INFORMATION SHOWN >>

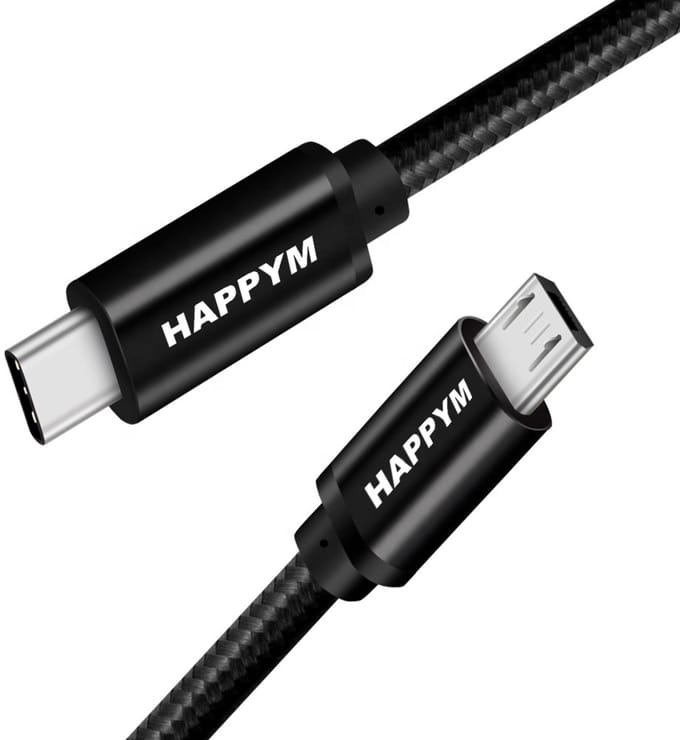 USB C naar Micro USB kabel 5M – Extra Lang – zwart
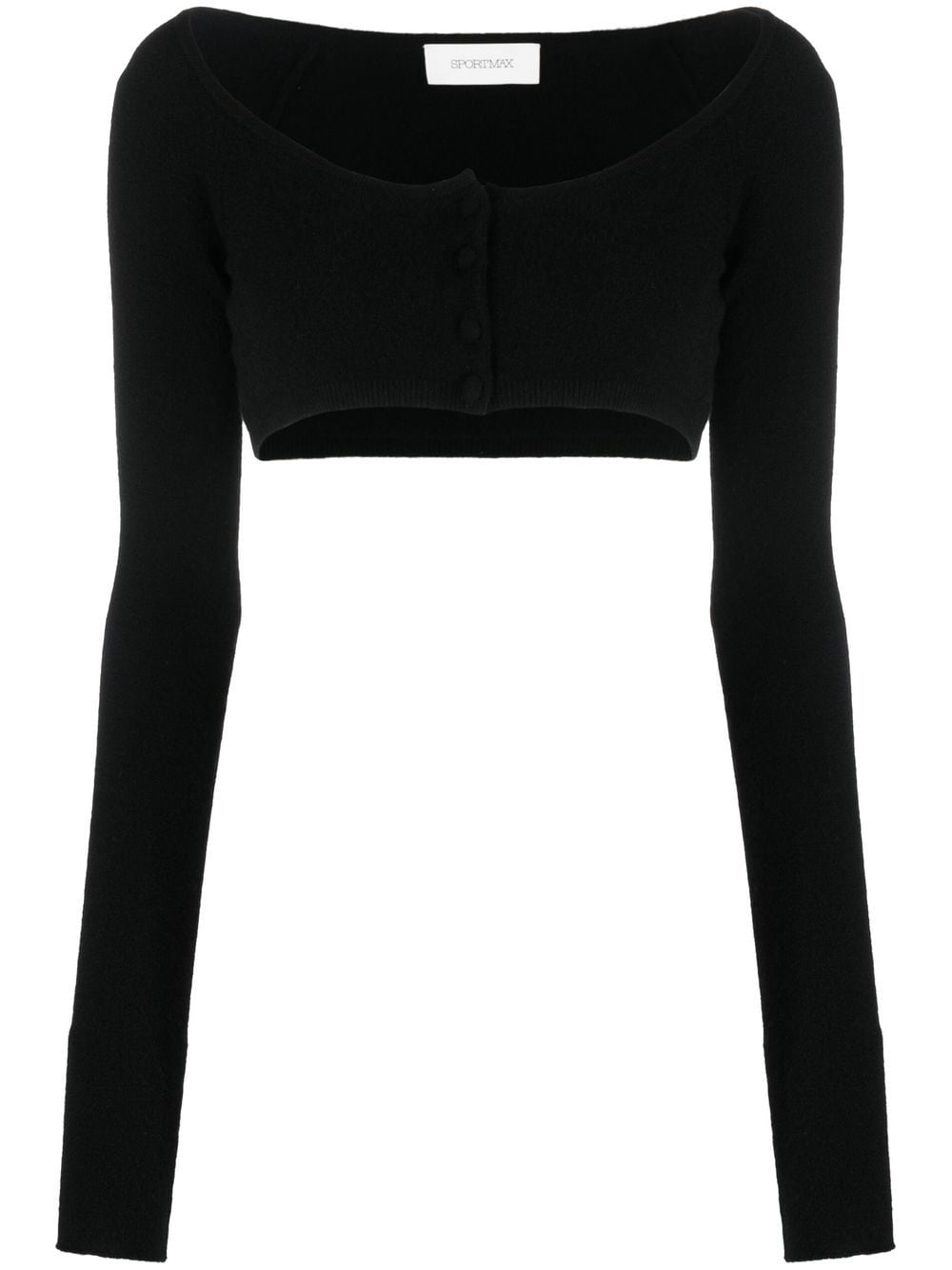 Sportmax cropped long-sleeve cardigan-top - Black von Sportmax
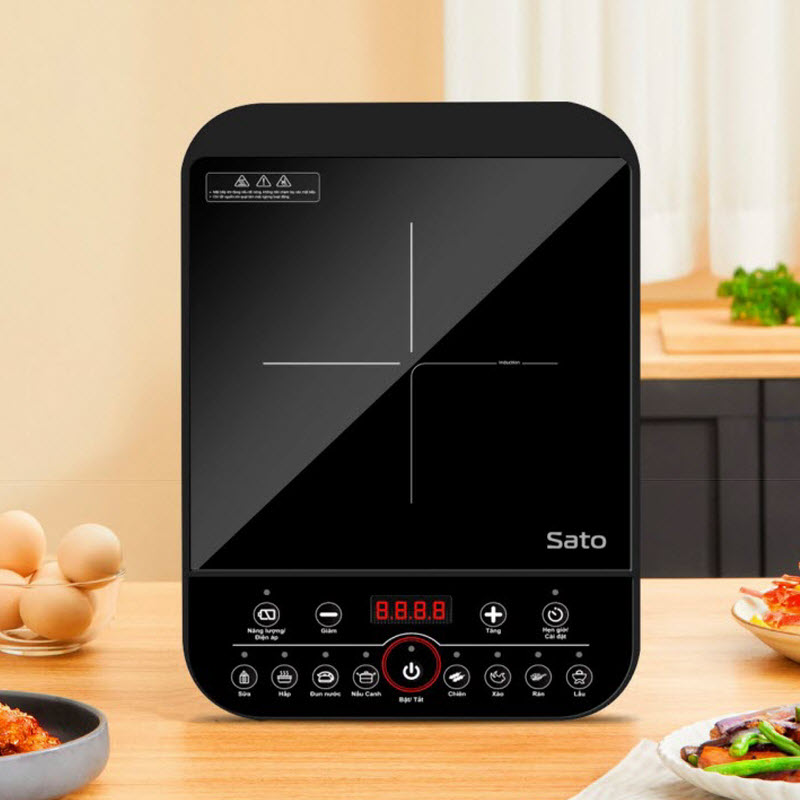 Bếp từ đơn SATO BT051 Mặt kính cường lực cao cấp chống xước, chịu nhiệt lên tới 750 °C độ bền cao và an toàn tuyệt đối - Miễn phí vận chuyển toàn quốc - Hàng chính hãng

---

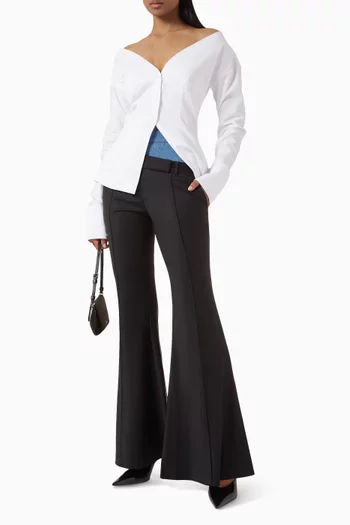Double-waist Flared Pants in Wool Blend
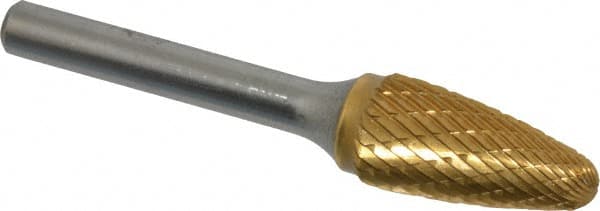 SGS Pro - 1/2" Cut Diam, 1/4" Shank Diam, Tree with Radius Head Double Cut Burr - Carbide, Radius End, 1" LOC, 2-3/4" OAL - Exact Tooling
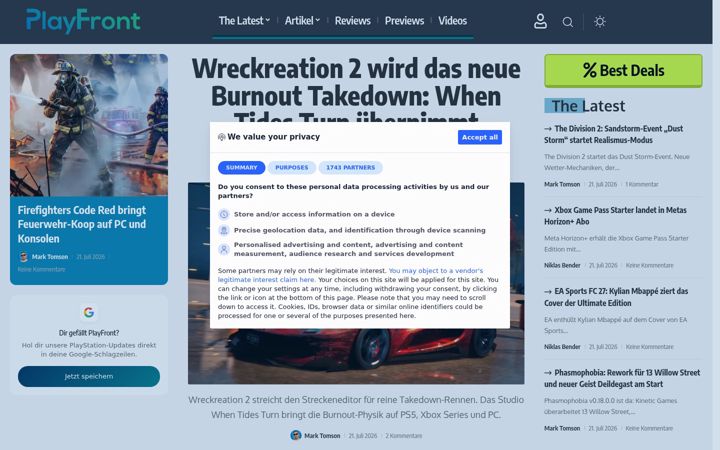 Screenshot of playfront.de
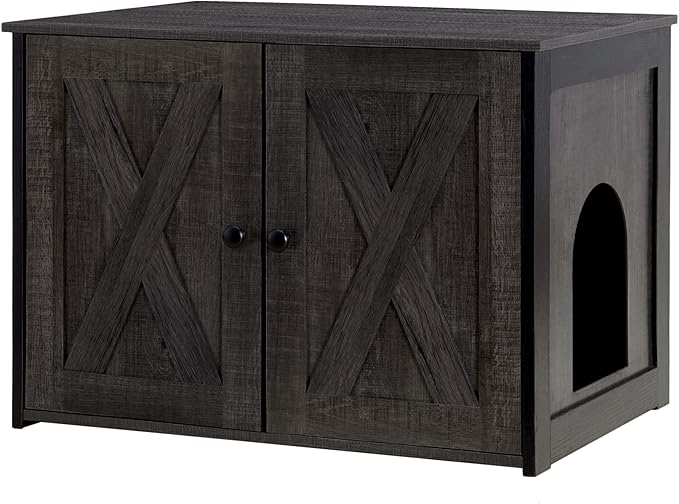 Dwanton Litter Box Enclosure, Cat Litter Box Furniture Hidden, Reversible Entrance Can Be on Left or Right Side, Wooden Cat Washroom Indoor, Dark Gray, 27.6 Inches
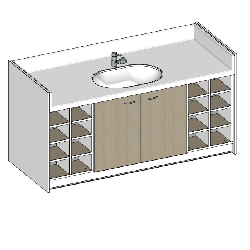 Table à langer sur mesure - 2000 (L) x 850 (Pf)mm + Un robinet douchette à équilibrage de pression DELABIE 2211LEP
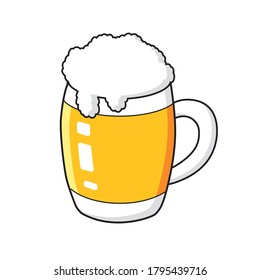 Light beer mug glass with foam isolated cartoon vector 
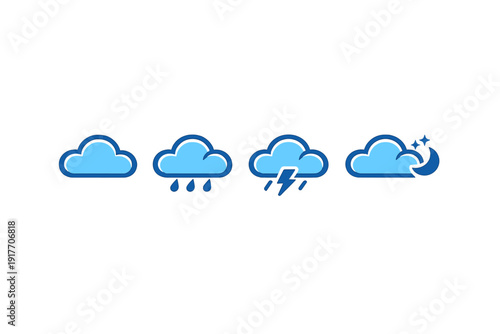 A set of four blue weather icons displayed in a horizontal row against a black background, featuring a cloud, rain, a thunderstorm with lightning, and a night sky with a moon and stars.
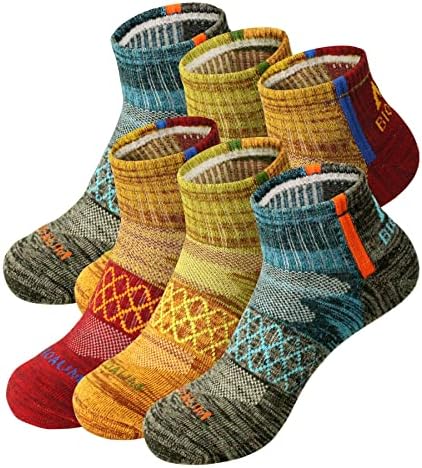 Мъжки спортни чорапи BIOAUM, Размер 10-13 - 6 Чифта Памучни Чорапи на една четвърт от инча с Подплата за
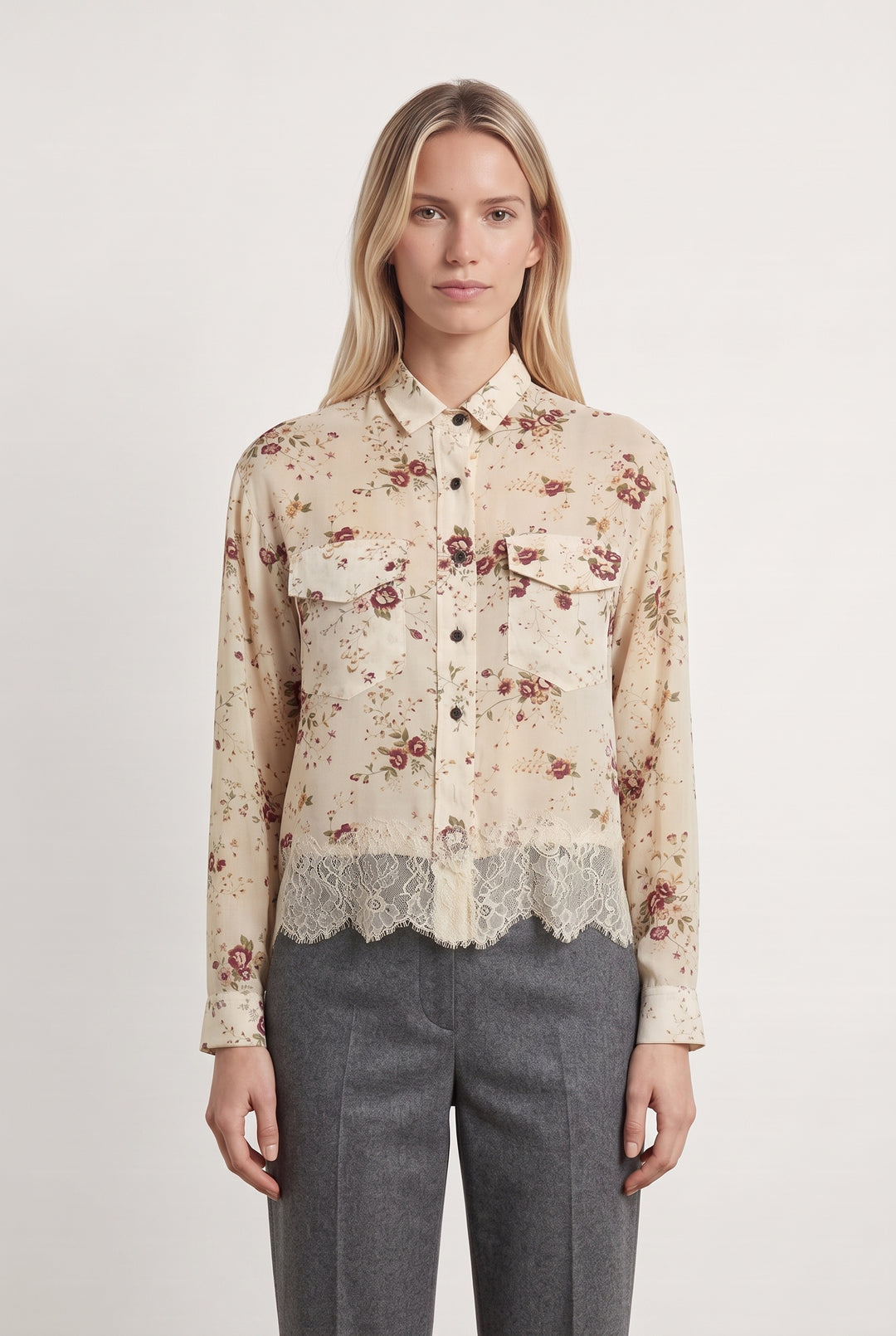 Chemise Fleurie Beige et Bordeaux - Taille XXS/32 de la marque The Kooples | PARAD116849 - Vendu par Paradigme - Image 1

* * *

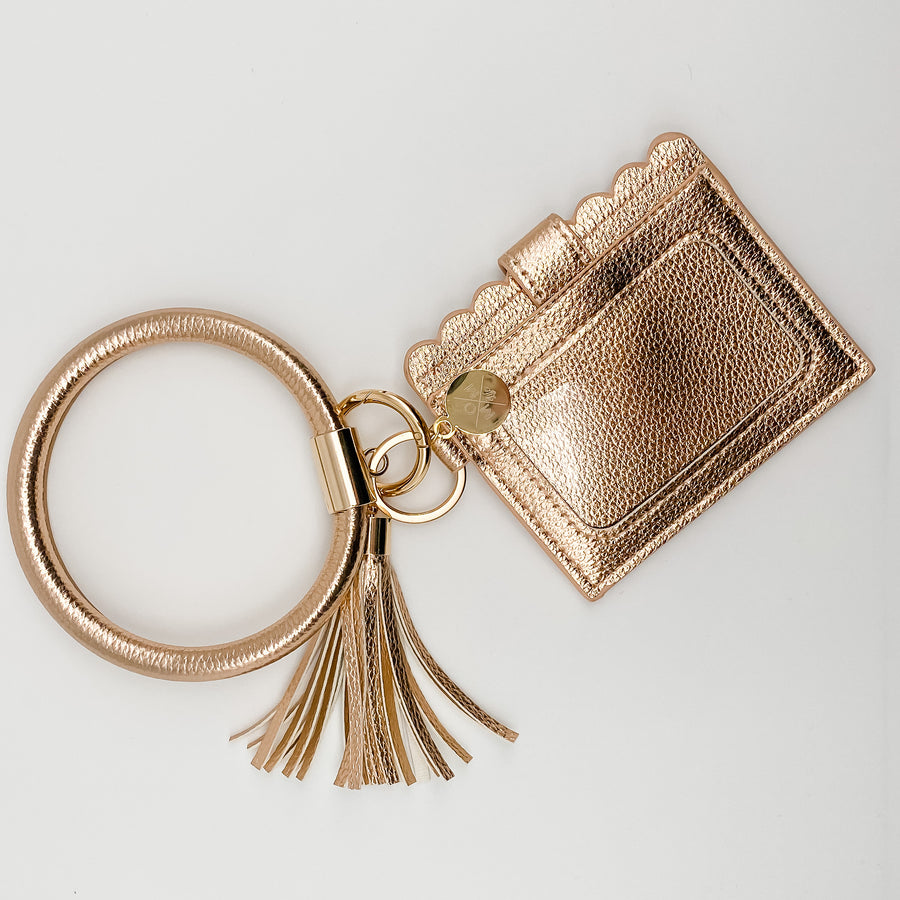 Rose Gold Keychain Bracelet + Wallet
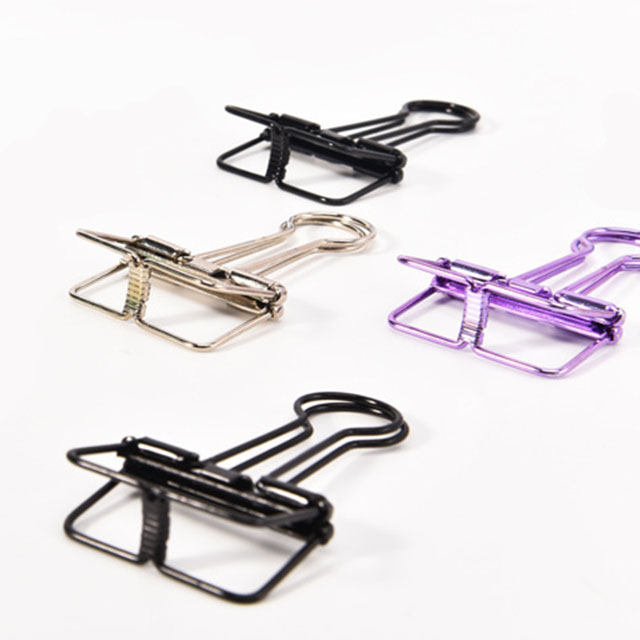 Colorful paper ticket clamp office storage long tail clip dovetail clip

WHAT IS NEEDED >> Reproduce, word for word, everything in the listing above from the line containing "Sportmax cropped long-sleeve" down to the line containing "Bếp từ đơn SATO", both of them included. No pictures.

TASK ANSWER >>
 Sportmax cropped long-sleeve cardigan-top - Black von Sportmax
 Bếp từ đơn SATO BT051 Mặt kính cường lực cao cấp chống xước, chịu nhiệt lên tới 750 °C độ bền cao và an toàn tuyệt đối - Miễn phí vận chuyển toàn quốc - Hàng chính hãng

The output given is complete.